With subsequent sustainable and ground-breaking enhancements, combining practical infrastructure improvements and ambitious, evolving exhibits, the Aquarium will re-imagine the way it tells the story of the Chesapeake Bay and other aquatic treasures in an innovative way for a contemporary public.
Other, subtler changes at the Aquarium reflect an evolving attitude toward captive animals. The Aquarium’s redesigned Dolphin Discovery exhibit has replaced dolphin shows in favour of a more intimate and natural experience, where the dolphins can be observed eating, playing and interacting with trainers rather than performing. Unlike in the past when only a certain number of guests could attend planned shows, now all visitors have access to the exhibit for the entire day.
The closure of the National Aquarium in Washington
September 2013 saw the closure of the nation’s first public aquarium, located since 1932 in the U.S. Department of Commerce headquarters in Washington, DC, now called the Herbert C. Hoover Building, and previously operated in one form or another by the Fisheries Service since 1873.
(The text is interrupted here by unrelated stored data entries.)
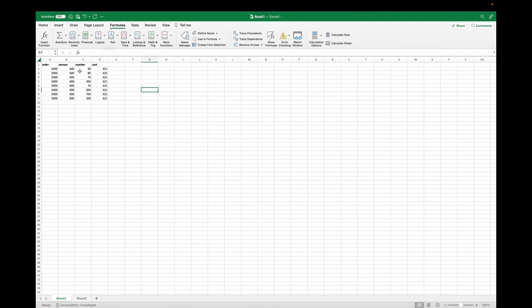So as you can see here, I have these columns named as order, amount, number, and cost.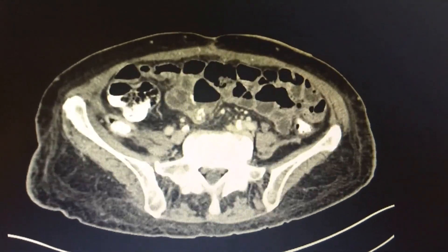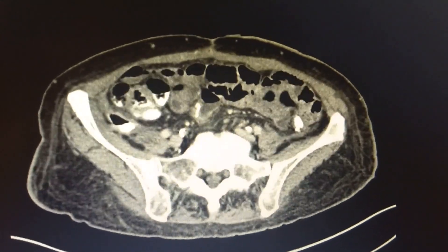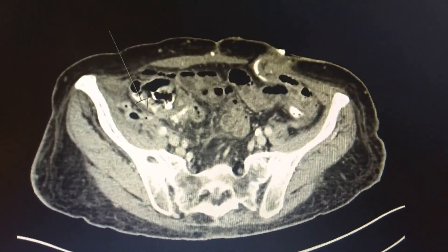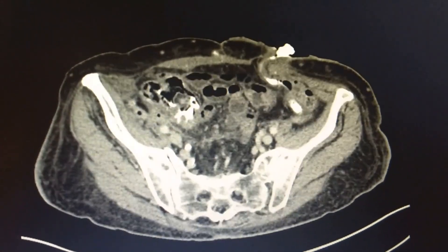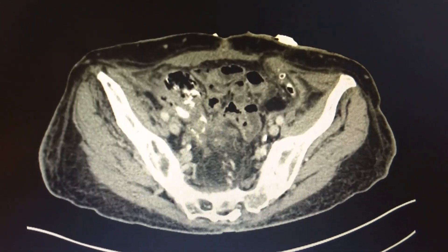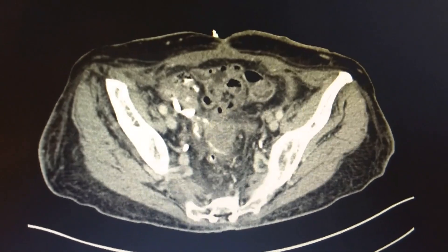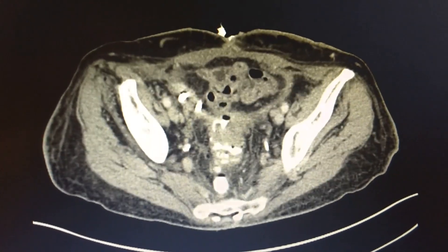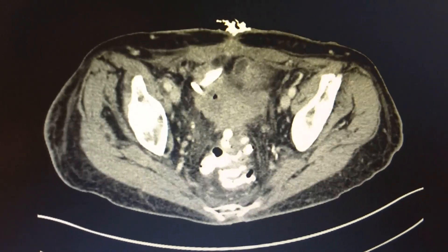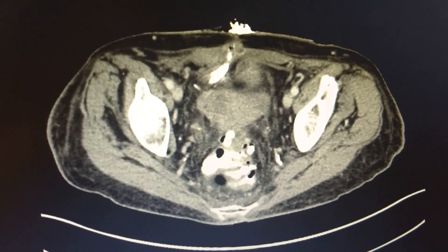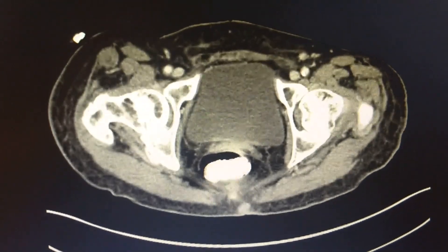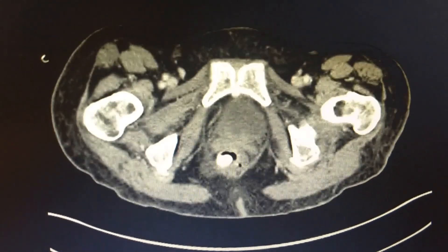Initial CT imaging with IV contrast and gastrografin injected into the right lower quadrant drain was performed. This demonstrated contrast filling a right lower quadrant abscess as well as contrast filling the Hartmann's pouch and the ascending colon. These findings were consistent with a colocutaneous, rectocutaneous, and colorectal fistula. We felt that the cecal involvement was likely iatrogenic due to one of her many right lower quadrant drain placements.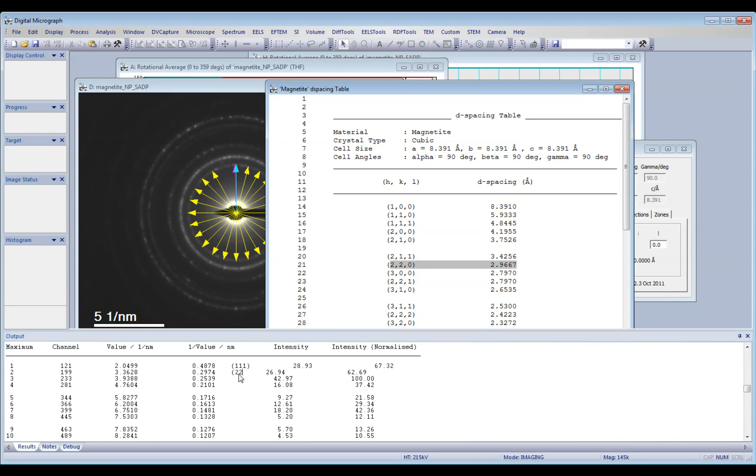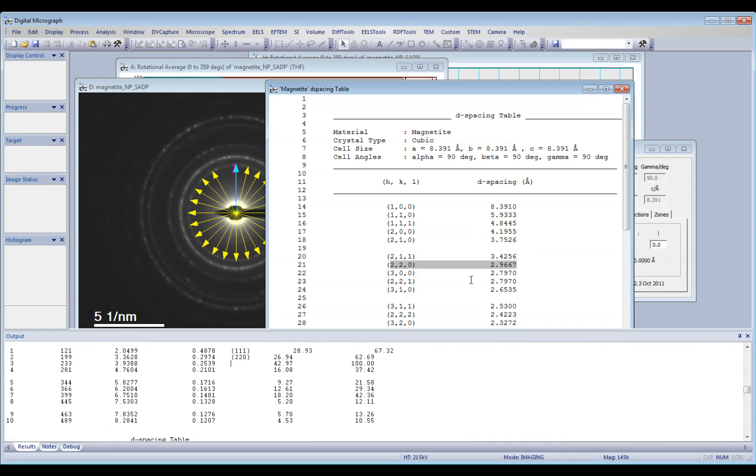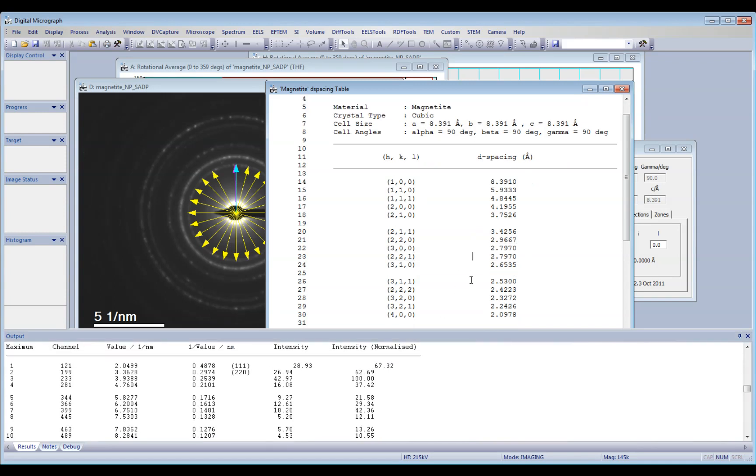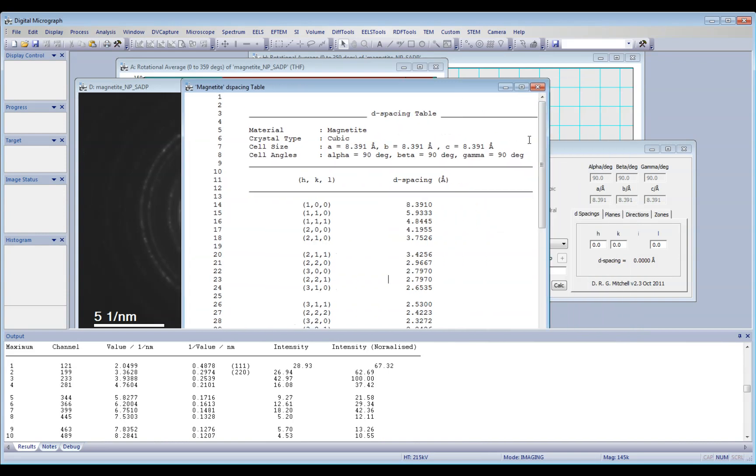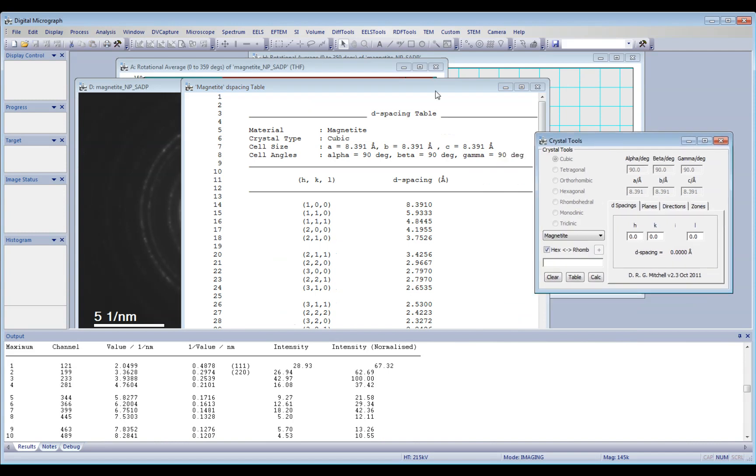Then you compare all the measured planes, or at least the majority, with your HKL D spacing list that you generated using the crystal tools.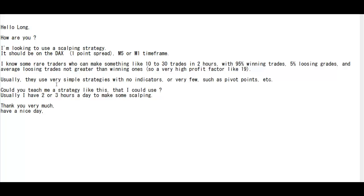Usually they use very simple strategies with no indicators, or very few such as pivot points. Could you teach me a strategy like this that I could use? I usually have 2 or 3 hours a day to make some scalping. Thank you very much, have a nice day.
Due to major renovations to the Commerce building, the Aquarium had to be dismantled, many of the animals being transferred to Baltimore, the rest travelling to other accredited institutions. However, Racanelli says, “We’re the National Aquarium. We’re committed to a National Aquarium presence in the nation’s capital.”
A strategic plan process, called BLUEprint, has been set in motion to identify feasibility and potential uses for a new facility in the capital. The National Aquarium team, headed by Racanelli, is working with expert planners and designers from Studio Gang Architects and IMPACTS Research & Development to establish exactly what form any future endeavours should take. Plans have not yet been made concrete, but Racanelli confidently foresees a great future for the Washington National Aquarium, and a possible partnership with the Smithsonian.
Forging Global Alliances
There is already what Racanelli describes as a ‘friendly agreement’ between the National Aquarium, Baltimore and Aquamarine Fukushima, painstakingly restored after the 2011 Tōhoku earthquake and tsunami left it devastated.
Racanelli is keen to forge links with aquaria across the globe and to continue to extend the National Aquarium’s education programs, outreach activities, social media campaigns and conservation initiatives across the globe, as well as continuing to build on its ground-breaking conservation and education work in Baltimore and – very soon – in Washington.